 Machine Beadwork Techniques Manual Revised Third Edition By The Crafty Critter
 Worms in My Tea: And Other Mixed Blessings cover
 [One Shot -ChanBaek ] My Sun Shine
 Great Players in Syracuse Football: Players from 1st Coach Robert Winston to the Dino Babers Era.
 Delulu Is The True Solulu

==

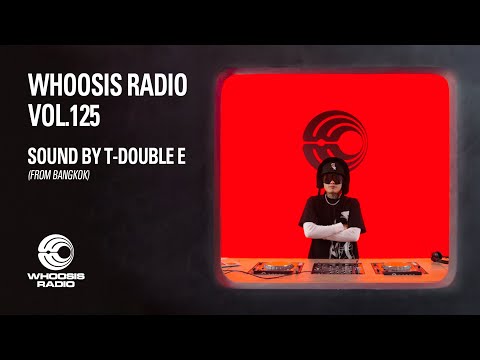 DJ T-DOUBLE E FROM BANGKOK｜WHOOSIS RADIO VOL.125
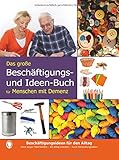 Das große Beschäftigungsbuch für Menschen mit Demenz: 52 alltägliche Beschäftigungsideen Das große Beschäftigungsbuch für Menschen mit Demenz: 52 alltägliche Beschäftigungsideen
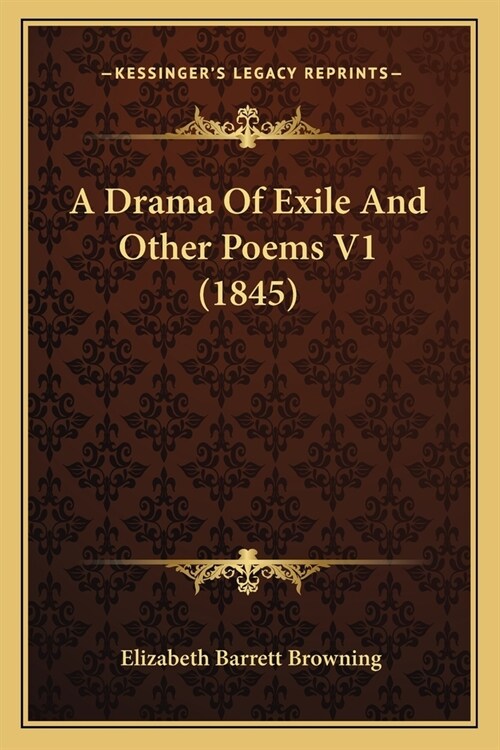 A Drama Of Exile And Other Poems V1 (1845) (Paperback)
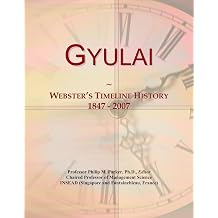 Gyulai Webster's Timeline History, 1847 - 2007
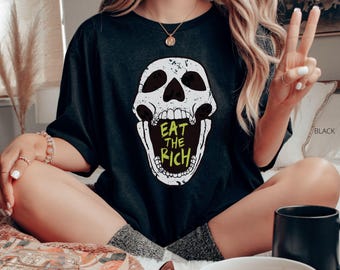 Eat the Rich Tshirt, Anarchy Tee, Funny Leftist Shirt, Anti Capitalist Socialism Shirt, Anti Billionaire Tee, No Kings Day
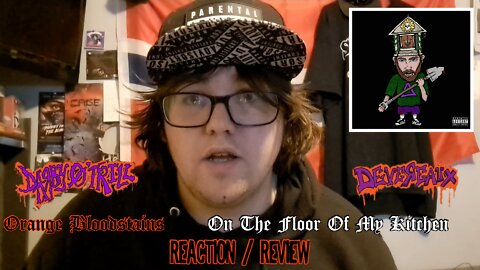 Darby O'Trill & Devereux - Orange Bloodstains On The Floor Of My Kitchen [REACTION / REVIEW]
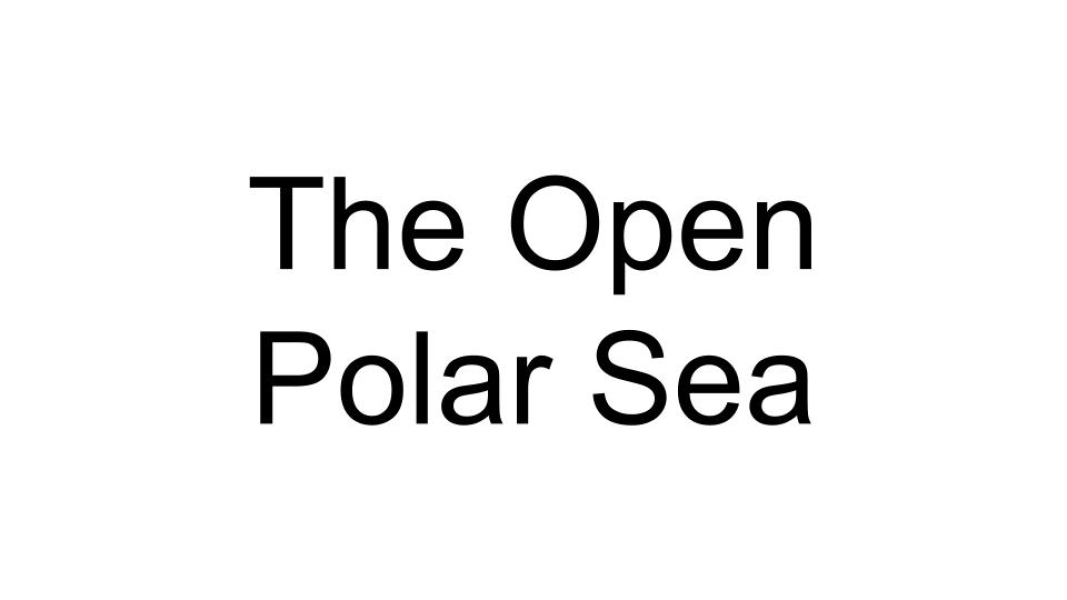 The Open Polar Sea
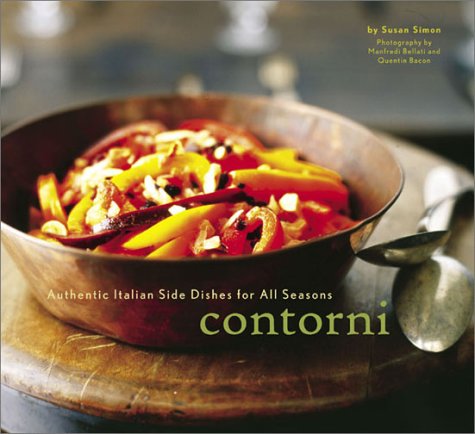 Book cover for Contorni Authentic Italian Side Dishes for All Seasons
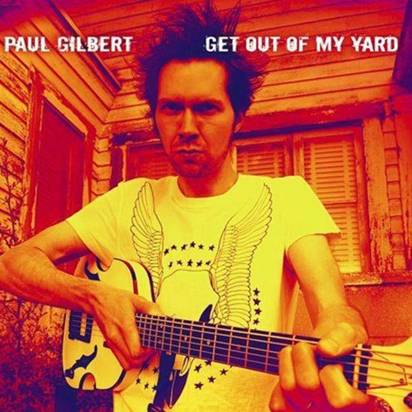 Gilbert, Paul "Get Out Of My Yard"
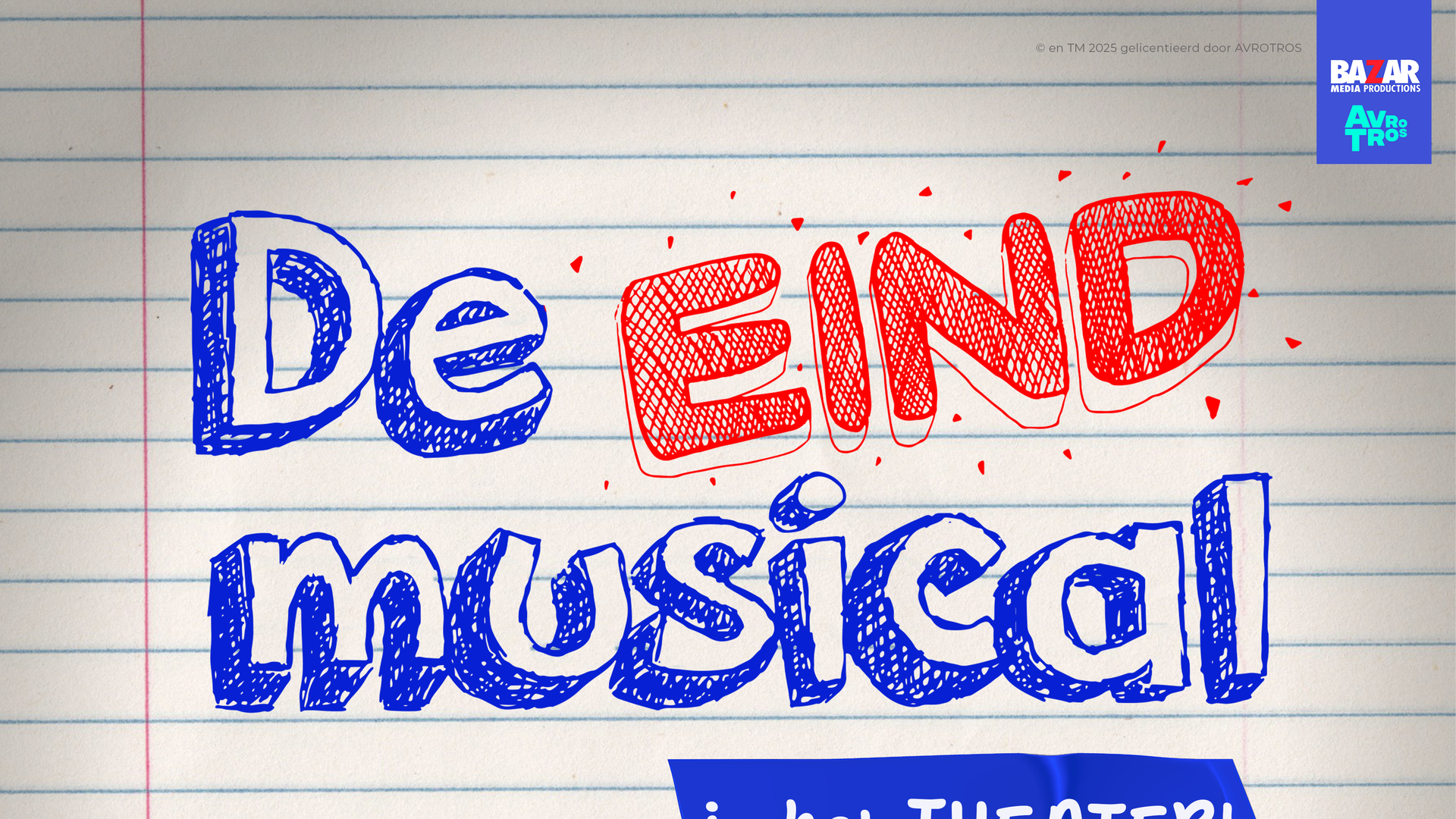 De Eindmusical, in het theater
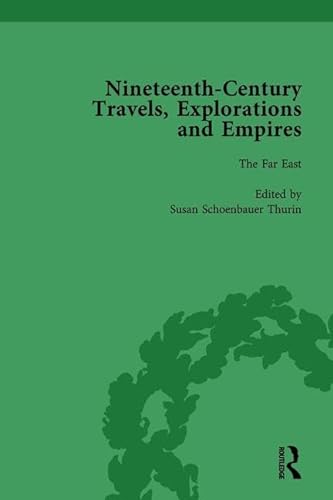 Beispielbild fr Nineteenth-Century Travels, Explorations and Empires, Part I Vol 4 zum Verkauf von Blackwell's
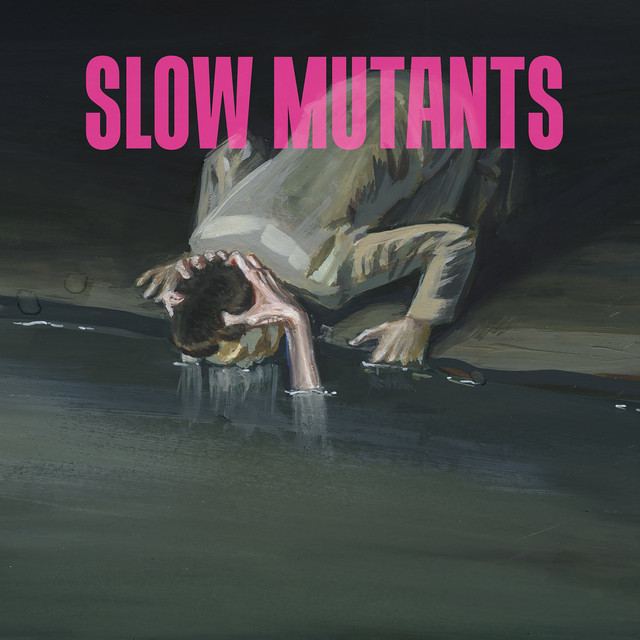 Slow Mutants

* * *

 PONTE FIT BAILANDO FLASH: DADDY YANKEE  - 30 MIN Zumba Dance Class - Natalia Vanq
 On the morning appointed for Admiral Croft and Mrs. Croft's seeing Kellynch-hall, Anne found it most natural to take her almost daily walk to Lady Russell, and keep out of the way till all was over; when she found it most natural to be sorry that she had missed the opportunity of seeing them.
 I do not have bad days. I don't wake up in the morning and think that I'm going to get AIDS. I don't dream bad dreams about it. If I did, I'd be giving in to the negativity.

> **What you are asked to do**
Output the lines above between the one holding "PONTE FIT BAILANDO" and the one holding "On the morning", inclusive, with nothing before or after them.

> **Completed task**
 PONTE FIT BAILANDO FLASH: DADDY YANKEE  - 30 MIN Zumba Dance Class - Natalia Vanq
 On the morning appointed for Admiral Croft and Mrs. Croft's seeing Kellynch-hall, Anne found it most natural to take her almost daily walk to Lady Russell, and keep out of the way till all was over; when she found it most natural to be sorry that she had missed the opportunity of seeing them.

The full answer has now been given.